NoSQL Databases: Key-Value and Document Stores

Both key-value and document data stores have arisen to support object and document storage and retrieval on a massive scale. In these databases, the schema is either non-existent or highly dynamic, allowing the developer to remove and modify fields that are stored as in a singular container or document. This article examines the major functionality of key-value stores and document stores by exploring several popular key-value and document stores including Membase, SimpleDB, CouchDB, MongoDB, and Terrastore. This article is the second part in a three part series providing a general overview of NoSQL databases.
This is part two of a three part series:

Introduction
Key-Value and Document Stores
Extensible Record Stores (planned)

The databases covered in this article:

Key-Value stores: Membase
Document stores: SimpleDB, CouchDB, MongoDB, Terrastore

Key-Value Stores: Membase

The most trivial type of NoSQL data store is the key-value data store. Key-value stores store data values into a system that can later be recalled using a key. The values are uninterpreted arbitrary data that the application can interpret as it sees fit. This simple and completely schemaless data model allows for easy scaling and very simple APIs that can easily enhance the functionality of existing systems.
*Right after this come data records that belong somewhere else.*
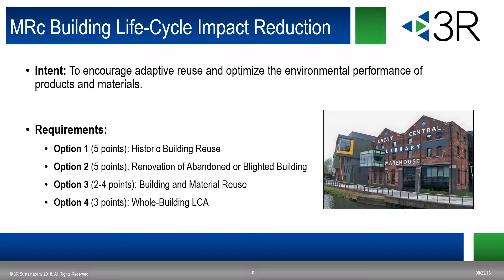Option four, worth three points, is whole building life cycle assessment for new construction buildings or portions of buildings. You conduct a life cycle assessment of the project's structure and enclosure that demonstrates a minimum 10% reduction compared with a baseline building in at least three of the six impact categories. Life cycle impact assessment summaries showing the output of proposed buildings with percentage change from baseline for all impact indicators are required to document this credit.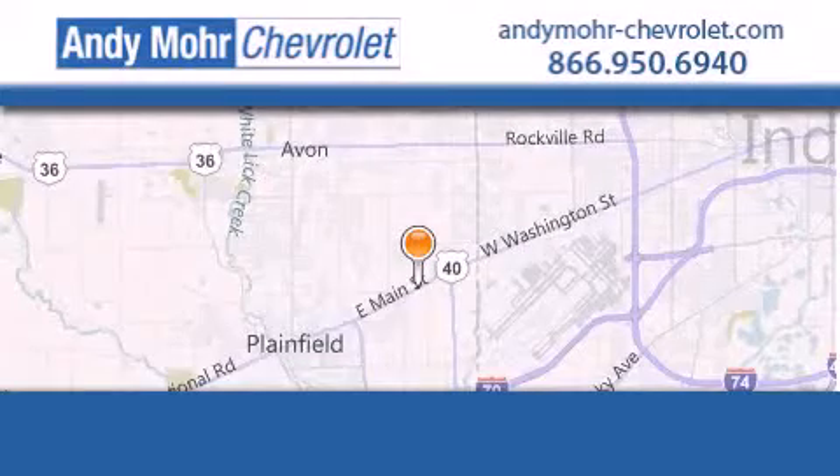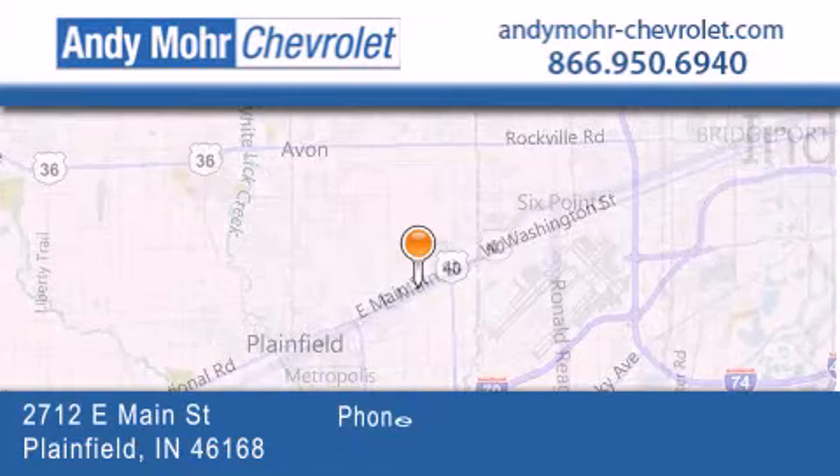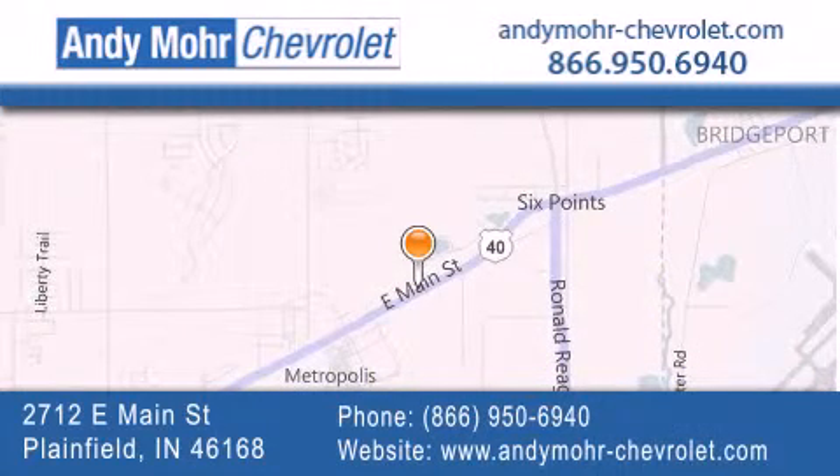Andy Moore Chevrolet is the place to find new Chevrolet cars, as well as pre-owned cars in Indianapolis. You can visit our new and pre-owned inventory online, get new car pricing, and receive free no-obligation price quotes. Visit Andy Moore Chevrolet today at 2712 East Main Street in Plainfield, or see us online at andymoore-chevrolet.com.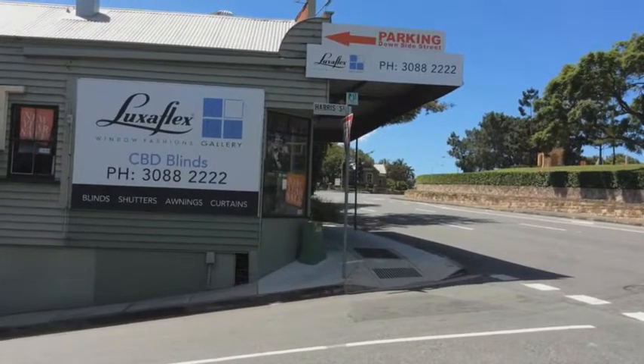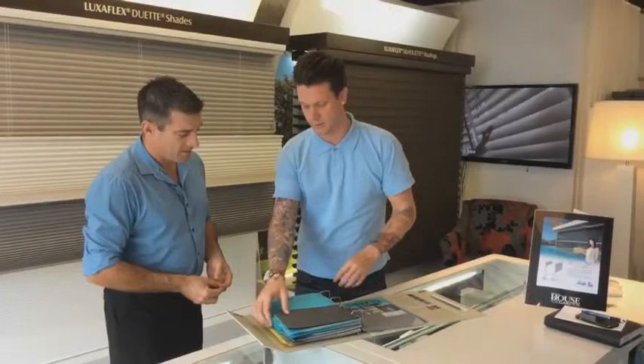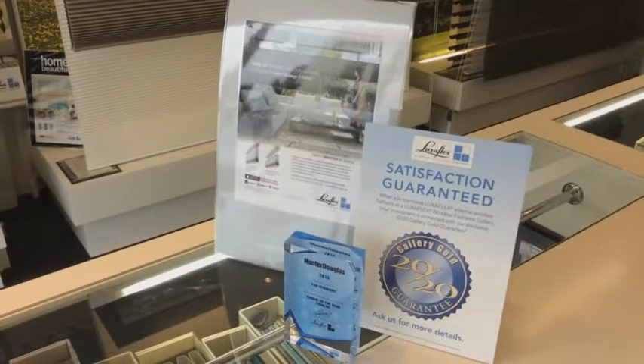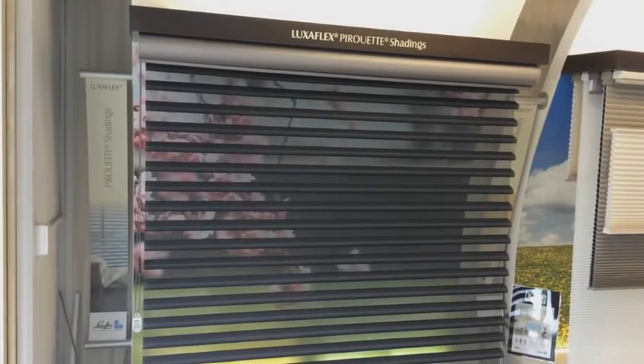I find Luxaflex supplies the products that we are looking for and the quality that we are looking for in the timeframes that we require. They're locally developed and locally manufactured. The product range is excellent. It's also a very well-known brand out in the market and people purchase purely because it says Luxaflex.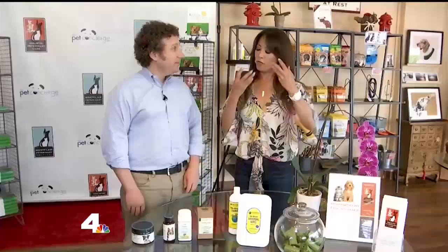We want to do the same thing for our pets that we do for ourselves, right? We do a lot of natural medicine here. We want to keep our animals as healthy as possible, and just like with people, we want to do that in as natural a way as possible to minimize potential side effects.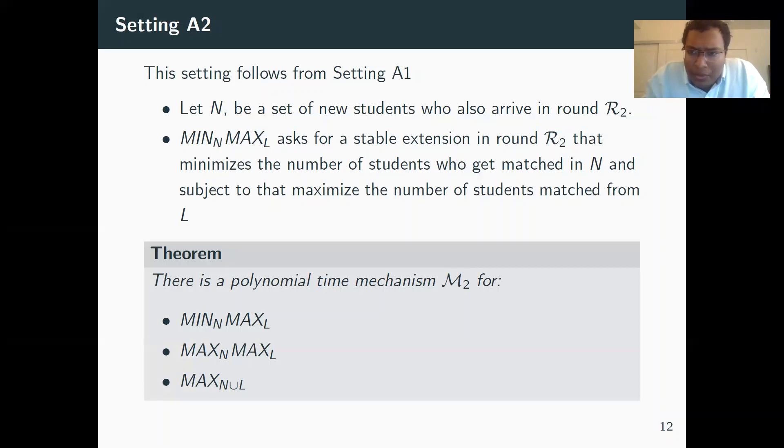Setting A2 is very similar to A1, except now we also allow the inclusion of new participants in round two — a set of new students arrive. A new problem is that new participants arriving can cause the matching to become unstable immediately. What we ask in min-max-L is: given new students arriving, find the minimum number of them we need to match, and subject to that, maximize the number of students from L who are matched. We show three polynomial-time mechanisms for min-max-L, max-max-L, and related variants, and we'll discuss min-max-L here.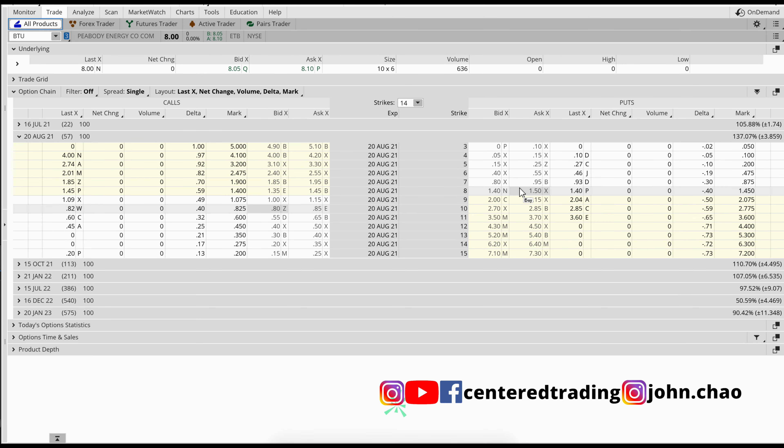Taking a quick look at the option chains, the spreads are pretty tight. Implied volatility is low, so if you want to buy yourself some time, deeper in the money, it's up to you.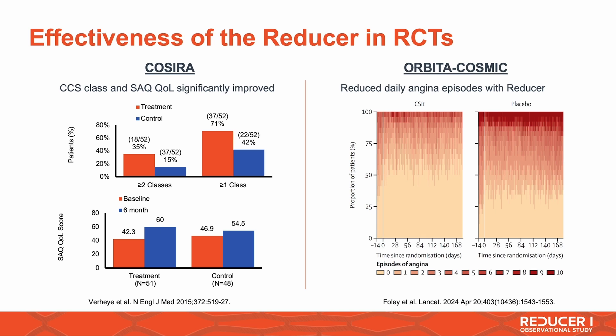This has been proven in two randomized trials: the COSERA trial, which was able to demonstrate an improvement in quality of life and a reduction in angina symptoms. And that was confirmed in a second randomized trial, which was recently published — the Orbita-Cosmic trial.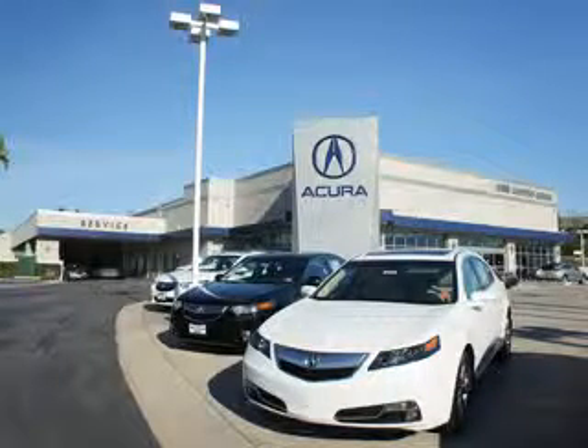Thanks for choosing We're Canyon Acura. We pride ourselves in providing a straightforward, quick, enjoyable purchasing experience. Check this out.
Membase is an open source data store developed to be as simple as memcached but with the ability to offer disk persistence for storing data behind interactive web applications. Membase offers a very simple key-value store that features data consistency and sustained high-throughput performance with replication and failover.

Data Model

The data model of Membase is a simple key-value pair that is schemaless using the same API supported by memcached. The client can store arbitrary data into the system and recall data from the system using a client-defined key. The data is schemaless and completely uninterpreted by the data store.

Architecture

Membase can be thought of as an extension to memcached. It offers the same API as memcached and includes memcached as a subset of its abilities. A Membase cluster allows nodes to be added and removed during live operation and provides client-initiated mechanisms for rebalancing data. The data is naturally balanced through client-side logic that evenly distributes new data.

A Membase cluster features nodes that are all identical in software, however one node is elected to operate as a cluster manager. The cluster manager performs aggregation, consensus building, and cross-node decisions.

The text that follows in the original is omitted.